Este absurdo ha llegado a tal punto, que
es apremiante preguntarse ya en qué se diferencian la “providencia” de Hitler y
su “Todopoderoso”, por una parte, y “Dios”, por otra (T. Ruster). El “Dios” de
los políticos, que hablan de “Dios” cuando les conviene y para lo que les
interesa, no puede ser el mismo Dios de los desgraciados que se ven en la
miseria por causa del reparto de la riqueza que se organiza y se gestiona “como
Dios manda” y como a no pocos clérigos les encanta.
Es evidente que, en todo esto, hay algo
muy grave que no funciona. Un “Dios” que divide y enfrenta a los pueblos, a las
culturas, a las naciones, a toda clase de gentes, hasta llegar a fomentar los
odios, las venganzas, las torturas, la abundancia de unos y el desamparo de
otros, ¿qué pantomima de “Dios” es eso? Y, sobre todo, ¿por qué sucede (y no
para de suceder) este disparate tan monumental?

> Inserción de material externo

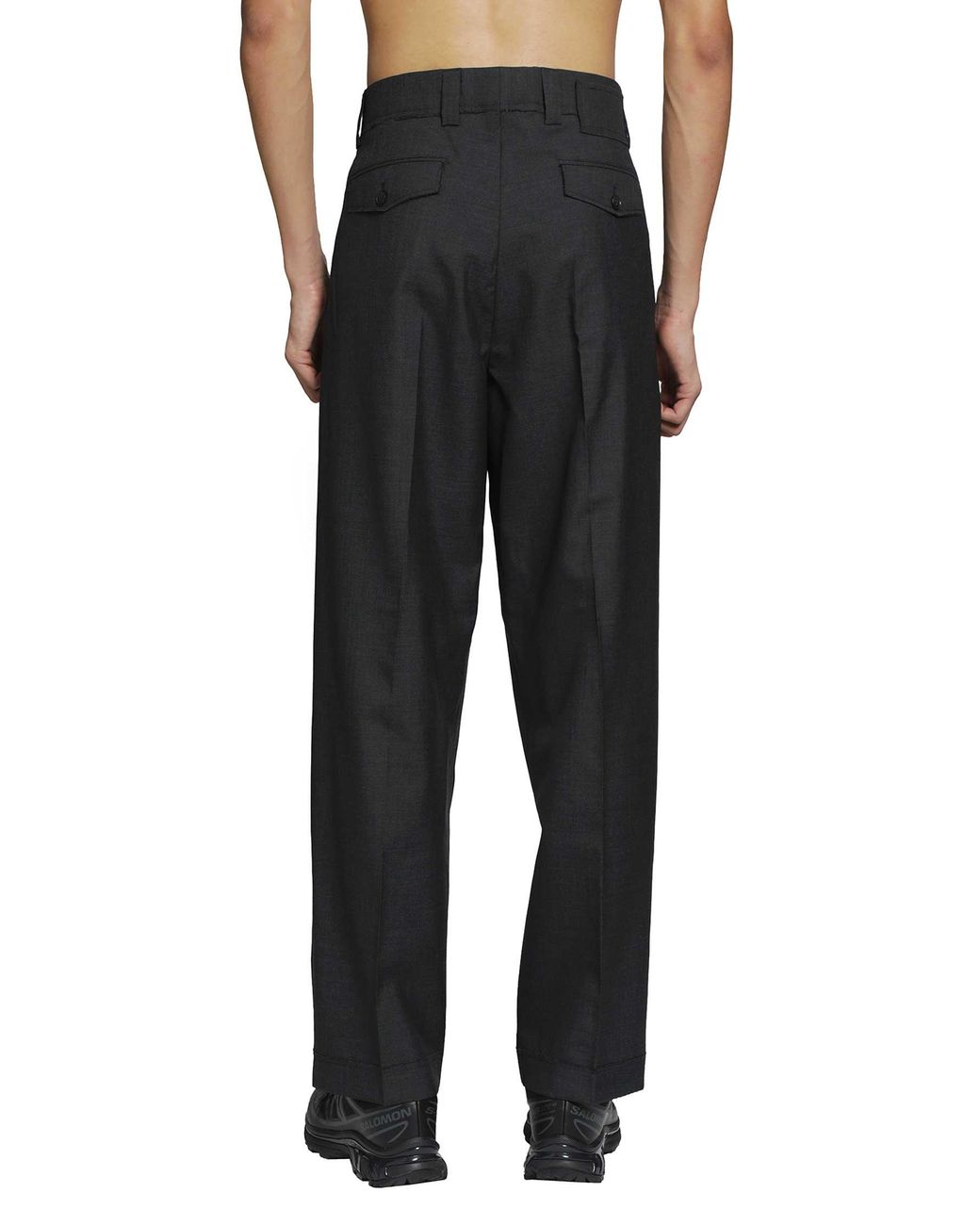 mfpen Black Patch Trousers for men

En esta cuestión, yo tengo una idea fija. Le
tenemos miedo a Dios. Precisando que se trata de un miedo concreto: es el miedo
al Dios “Trascendente”. ¿Qué significa esto? ¿Por qué lo digo y qué
consecuencias tiene?
Cuando hablamos de Dios, no atinamos si
nos limitamos a decir que es el Omnipotente. Porque, si lo puede todo, ¿por qué
no arregla este mundo tan desarreglado por tantos motivos? ¿cómo se explica que
los “hombres de Dios” tengan la maldad que hace falta para destrozar a mucha
gente que no coincide con el “Dios de los consagrados”? ¿quién me explica a mí
por qué, cuando en la Iglesia ponen a un papa, como es el caso del papa
Francisco, que es un hombre espontáneo, humano, que se acerca sin complejos a
los más desamparados, precisamente a este papa, en el mismo Vaticano, porque es
“voluntad de Dios”, le hacen la vida imposible y hasta quieren que se vaya?

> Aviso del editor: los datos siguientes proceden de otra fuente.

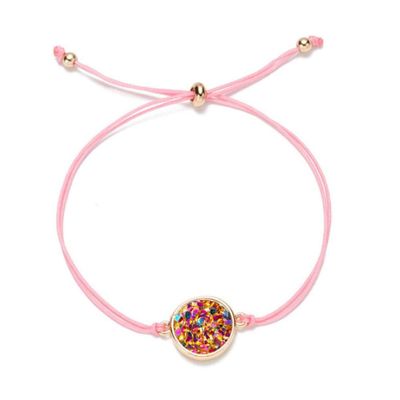 Bracelet Glamour Colorful Rope Rhinestone Bracelet Ladies Jewelry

No. Lo del “Omnipotente” no resuelve
nuestras dudas y oscuridades. Y casi lo mismo se podría decir del “Infinito” y
otros títulos semejantes.
Entonces,
¿en qué quedamos?
Antes que nada, sobre todo, Dios es el Trascendente. Ahora bien,
hablar del Trascendente no es hablar del Infinito, ni del Eterno o del
Todopoderoso. Estos títulos nos llevan a “lo nuestro” ilimitado. Pero es lo
nuestro, lo “inmanente”, por más que no le pongamos límites, sigue siendo “lo
que es propio y accesible a nosotros” los humanos. Lo “trascendente” es lo que
trasciende el horizonte último de nuestra capacidad de conocer y de todo
posible saber humano. Hablar de la “trascendencia” es referirnos “a un modo de
ser que ya no es realizable (ni conocible), que está sobre todo cuanto podemos
decir o entender” (“supereminentius quam dicatur aut intelligatur”) (Tomás de
Aquino, “De potentia”, q. VII. a. V).
En última instancia, esto es así porque la
mente humana sólo pude actuar “objetivando” lo que conoce o maneja. Nuestros
conocimientos son “objetos mentales”. Pero el Trascendente no es (ni puede ser)

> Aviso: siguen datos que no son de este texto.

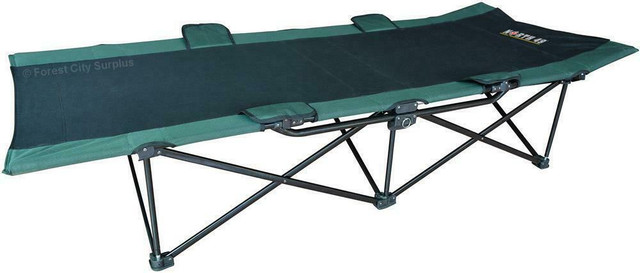 HEAVY DUTY STRONGMAN FOLDING CAMPING COT -- IDEAL FOR FAMILY TRAVEL AND AIRPORT EMERGENCIES in Fishing, Camping & Outdoors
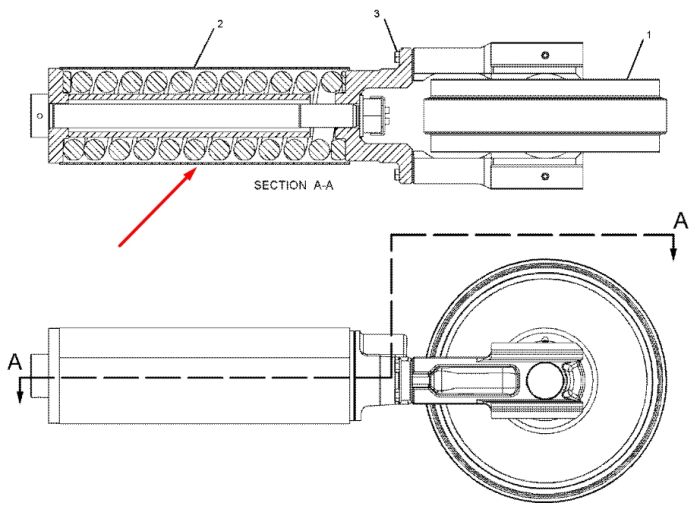 Caterpillar 2487170 Натяжитель гусеницы для 330D, 340D
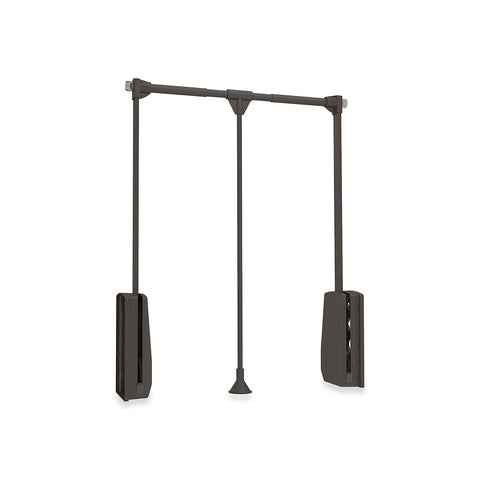 Perchero elevable para armario de acero 83-115x84cm Moka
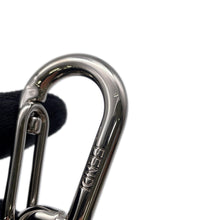 将图像加载到图库查看器中，FENDI Pocket Bag Charm Gray7AR759 PVC Leather
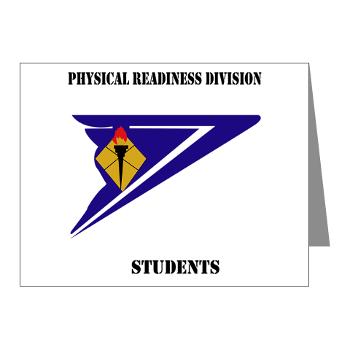 PRDS - M01 - 02 - DUI - Physical Readiness Division Students with Text Note Cards (Pk of 20) - Click Image to Close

un “objeto” que brota nuestra mente y está al servicio de nuestras ideas. El
Trascendente “trasciende” todo posible objeto, por más infinito que nos lo
“representemos” los que no podemos tener acceso a la Trascendencia.
La consecuencia, que se sigue de lo que
acabo de indicar, es lo que nos da miedo. ¿Miedo? ¿Por qué? Porque el “Dios”,
que brota de nuestra mente (de nuestra inmanencia), es un Dios “hecho a
medida”. Es decir, el Dios que a cada cual la conviene o le interesa, para que
tenga “autoridad divina” lo que a cada cual le viene bien. El que se “fabrica
su Dios” no se da cuenta de lo que hace. Pero lo hace. Hay políticos que echan
mano de “su Dios”. Y hay obispos que mandan, prohíben o amenazan en nombre de
“su Dios”, el que ellos se inventan sin pensar que están mandando con la
autoridad de su propio invento.
¿Tiene esto alguna solución? La tiene en
Jesús de Nazaret, que la imagen de Dios, la revelación de Dios. Sólo el que vive como vivió Jesús, ése es
el que pude decirle a la gente lo que Dios quiere o lo que no quiere. El que
habla en nombre del “Dios”, que se ha inventado, es un farsante.